Up to and including the line that contains "AAPNO RAJASTHAN - Floral", write out every line of the entries exactly, beginning with the first. Omit the pictures.

::: Data shown :::

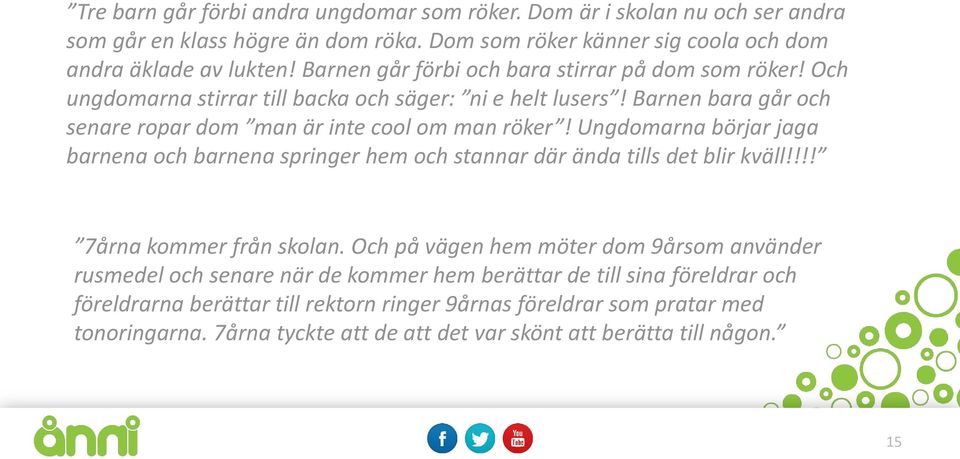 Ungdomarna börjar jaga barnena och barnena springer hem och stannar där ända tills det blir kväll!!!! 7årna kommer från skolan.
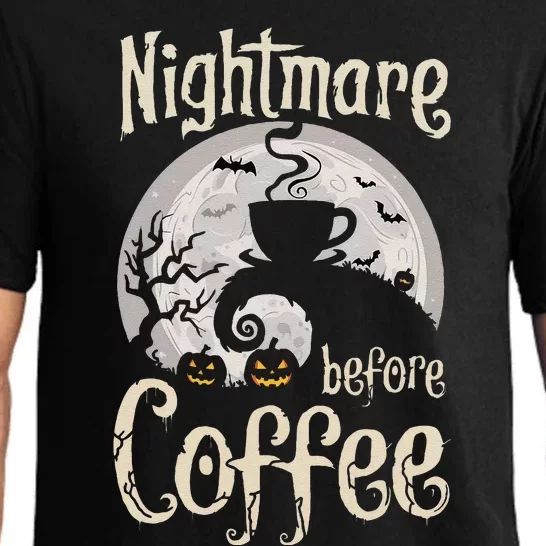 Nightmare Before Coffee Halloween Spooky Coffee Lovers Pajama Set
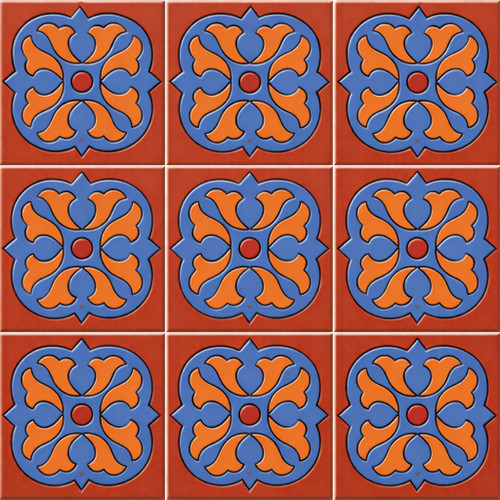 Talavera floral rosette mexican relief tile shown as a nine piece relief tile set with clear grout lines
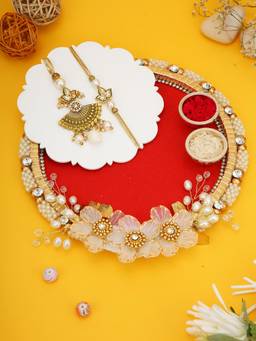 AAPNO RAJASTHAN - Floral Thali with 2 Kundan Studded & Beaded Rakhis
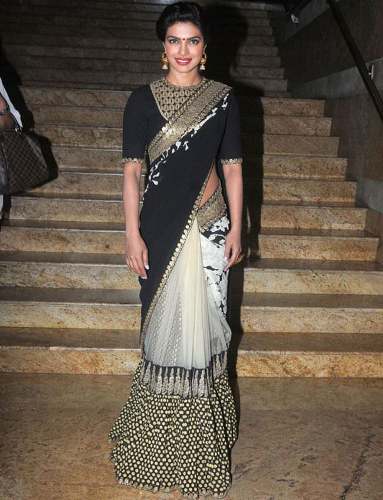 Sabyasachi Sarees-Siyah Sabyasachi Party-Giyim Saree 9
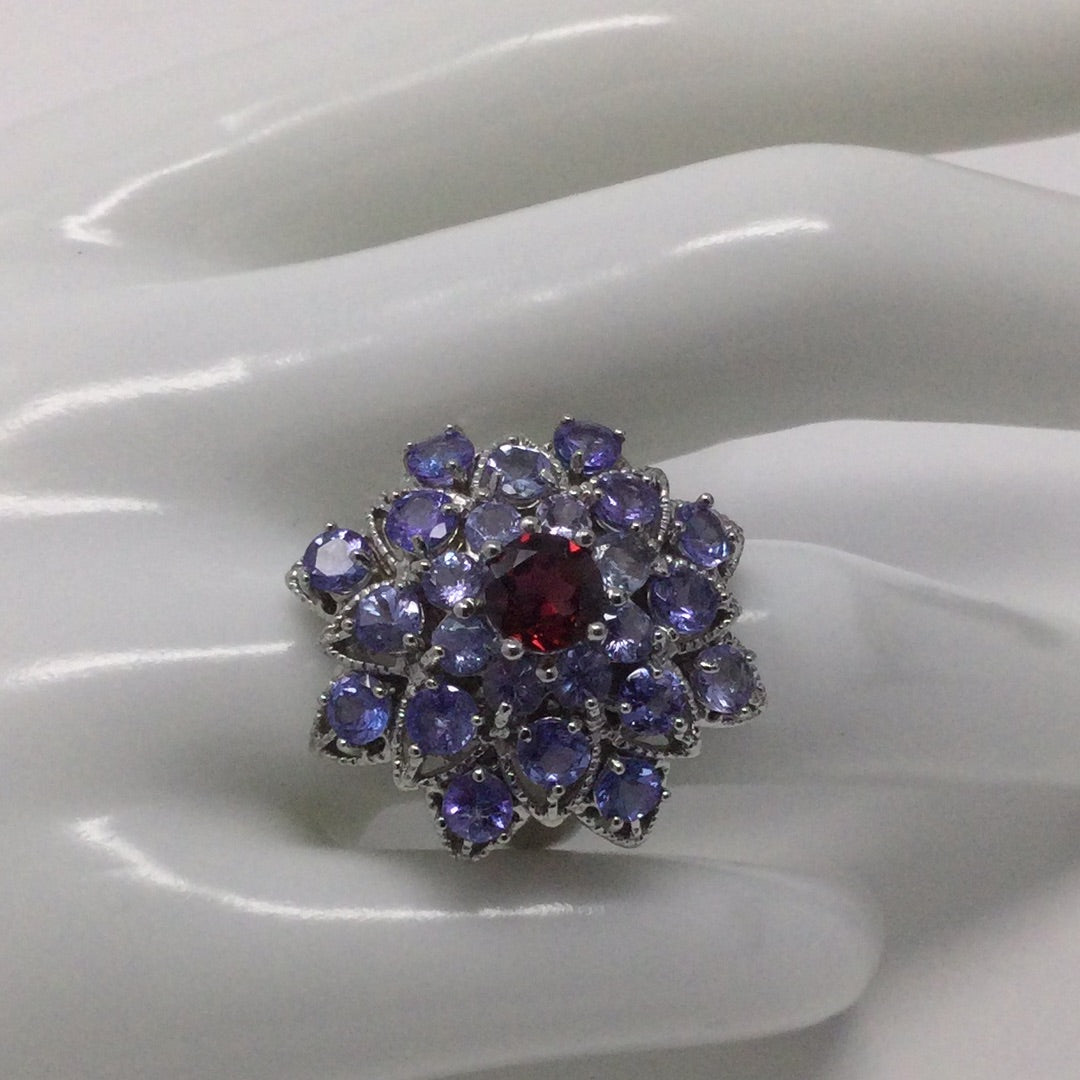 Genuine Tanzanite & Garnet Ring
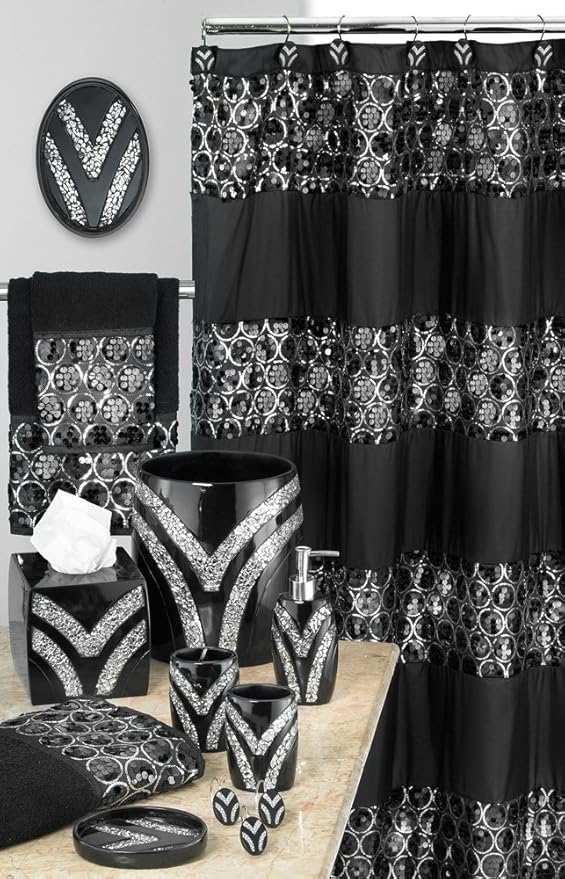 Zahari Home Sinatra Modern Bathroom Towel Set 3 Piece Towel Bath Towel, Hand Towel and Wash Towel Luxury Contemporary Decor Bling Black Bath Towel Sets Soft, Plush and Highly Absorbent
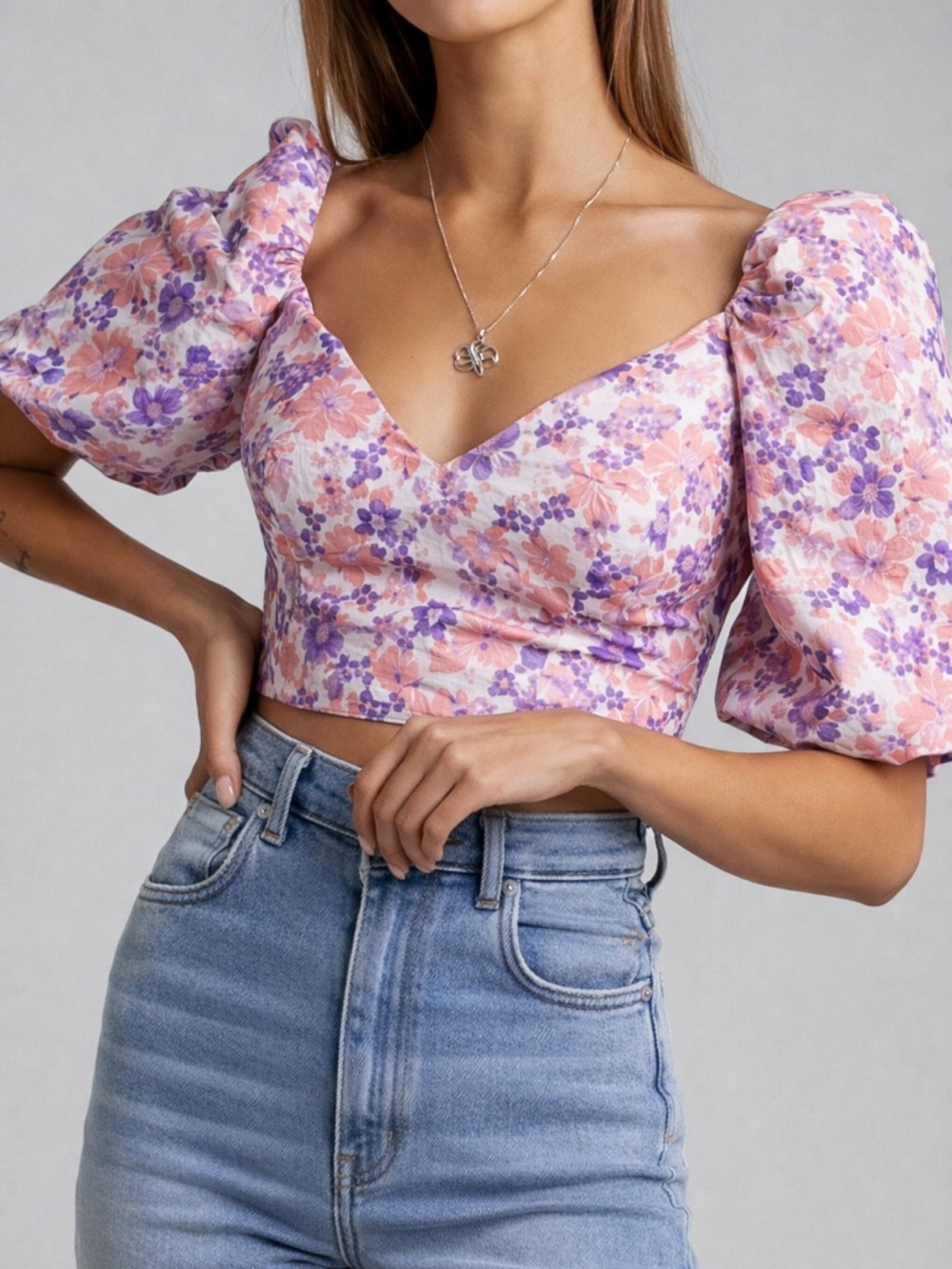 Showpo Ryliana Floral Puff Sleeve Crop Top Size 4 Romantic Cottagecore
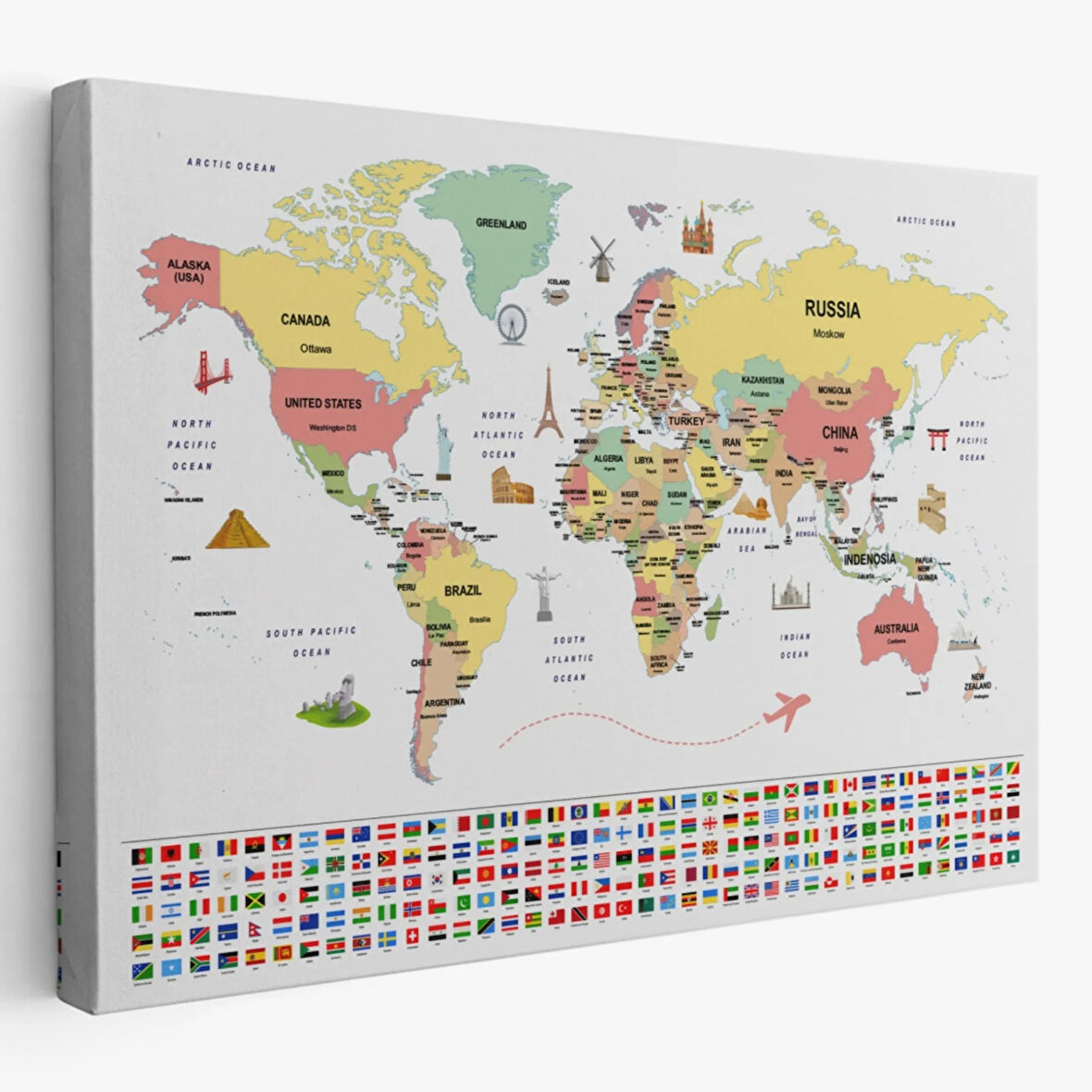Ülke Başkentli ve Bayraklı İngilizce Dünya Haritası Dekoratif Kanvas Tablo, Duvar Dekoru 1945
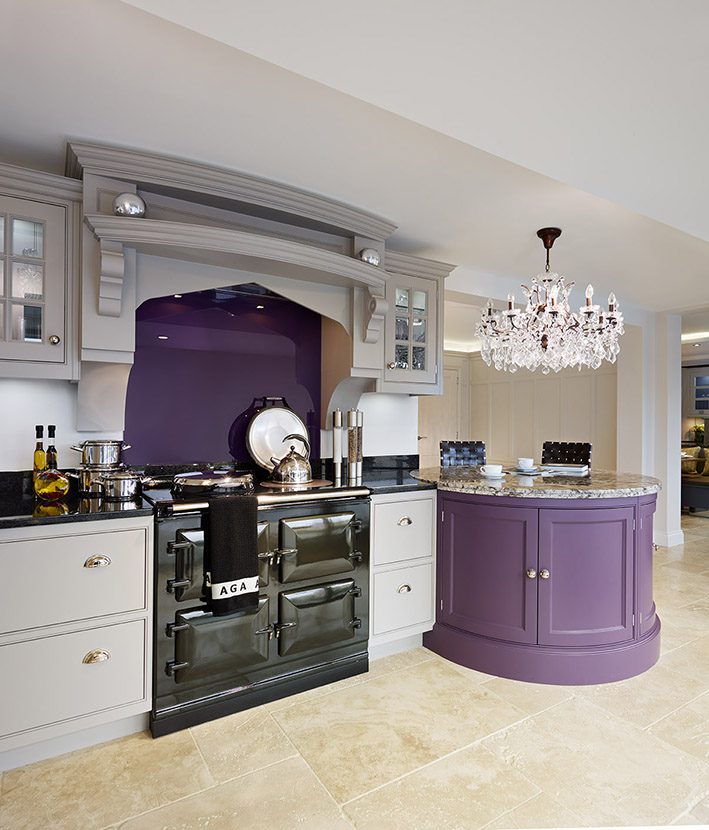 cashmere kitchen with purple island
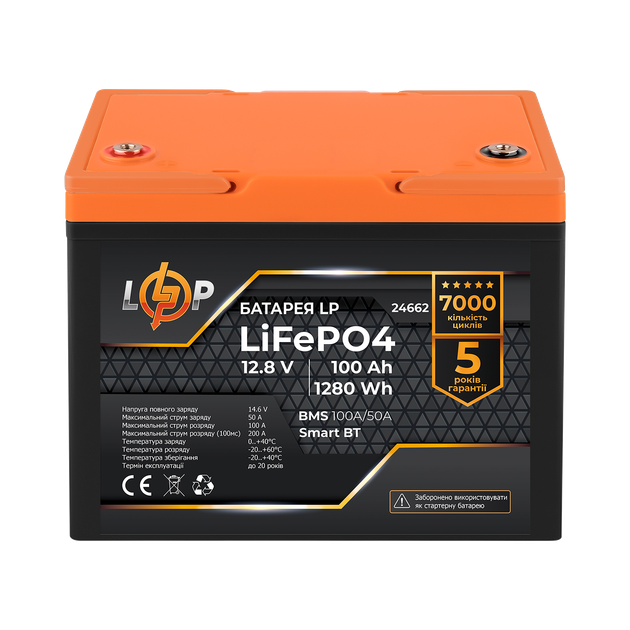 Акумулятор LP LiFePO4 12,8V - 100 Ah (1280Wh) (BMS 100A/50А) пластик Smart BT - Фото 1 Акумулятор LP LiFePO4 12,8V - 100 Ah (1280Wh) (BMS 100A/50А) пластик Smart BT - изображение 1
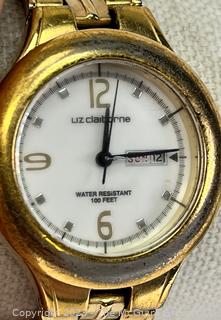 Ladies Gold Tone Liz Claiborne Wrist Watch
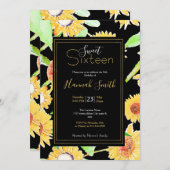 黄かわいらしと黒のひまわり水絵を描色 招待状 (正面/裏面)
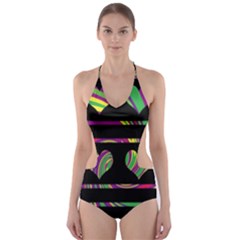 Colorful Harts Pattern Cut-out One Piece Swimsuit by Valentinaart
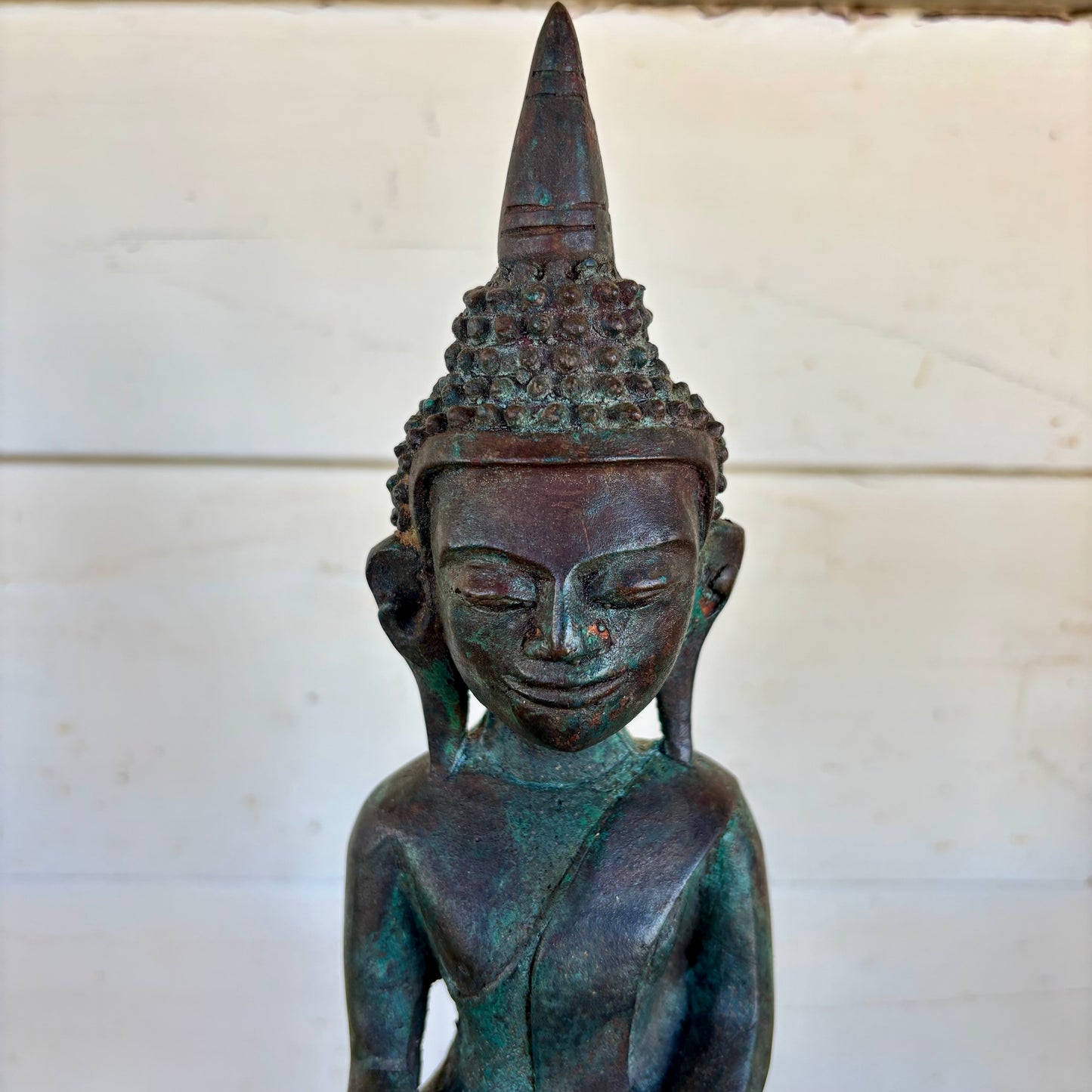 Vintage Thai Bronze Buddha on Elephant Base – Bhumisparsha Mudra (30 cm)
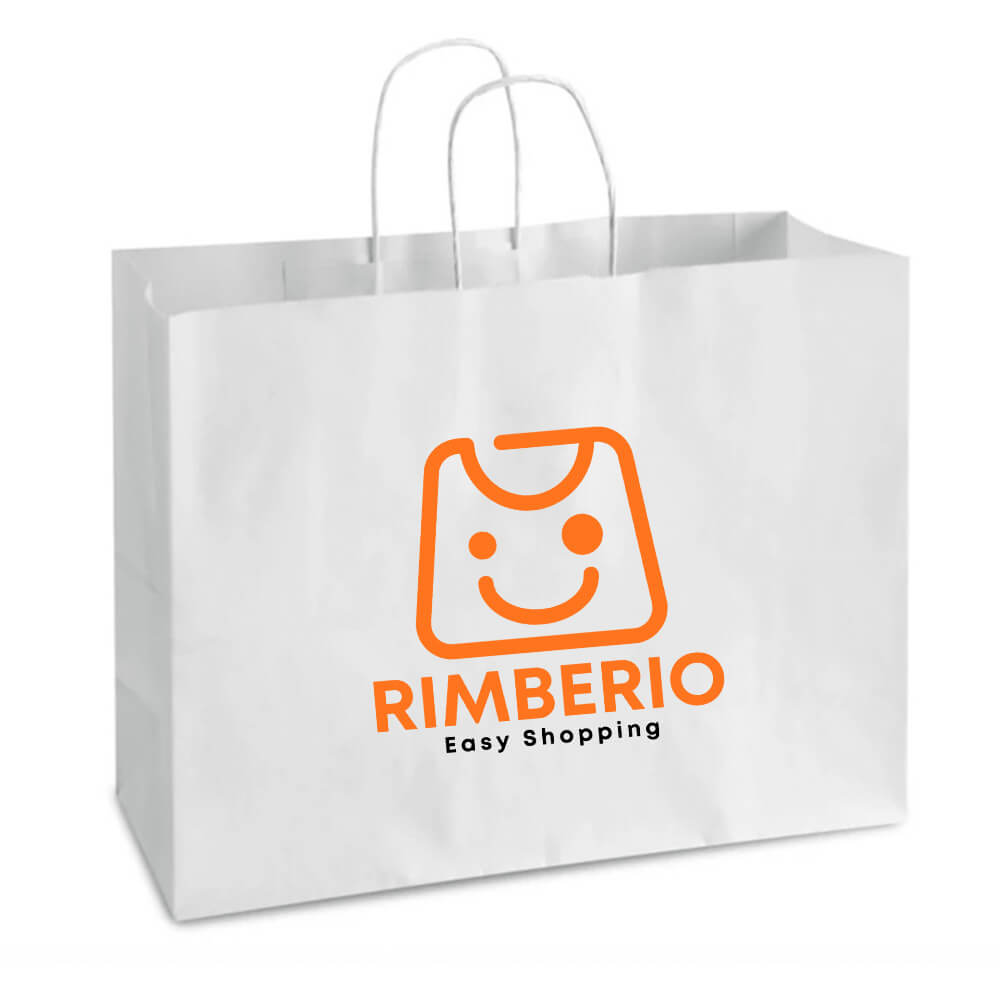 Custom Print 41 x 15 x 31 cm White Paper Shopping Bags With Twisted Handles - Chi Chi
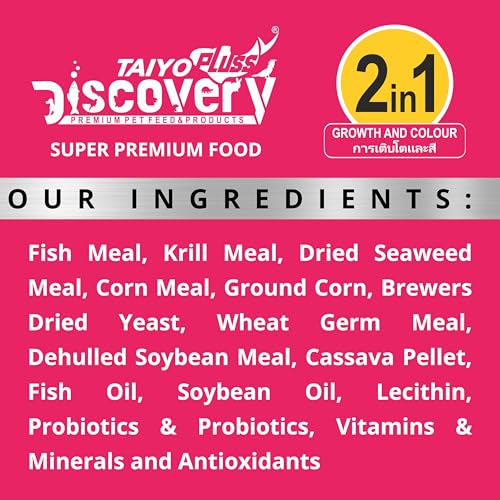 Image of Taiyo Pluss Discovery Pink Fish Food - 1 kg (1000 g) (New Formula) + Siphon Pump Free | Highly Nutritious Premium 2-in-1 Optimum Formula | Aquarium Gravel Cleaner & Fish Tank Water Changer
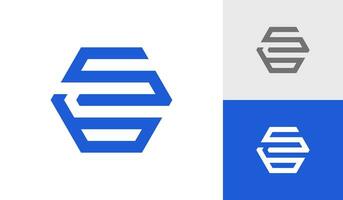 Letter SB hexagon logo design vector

:::

» Task response
 Ungdomarna börjar jaga barnena och barnena springer hem och stannar där ända tills det blir kväll!!!! 7årna kommer från skolan.
 Nightmare Before Coffee Halloween Spooky Coffee Lovers Pajama Set
 Talavera floral rosette mexican relief tile shown as a nine piece relief tile set with clear grout lines
 AAPNO RAJASTHAN - Floral Thali with 2 Kundan Studded & Beaded Rakhis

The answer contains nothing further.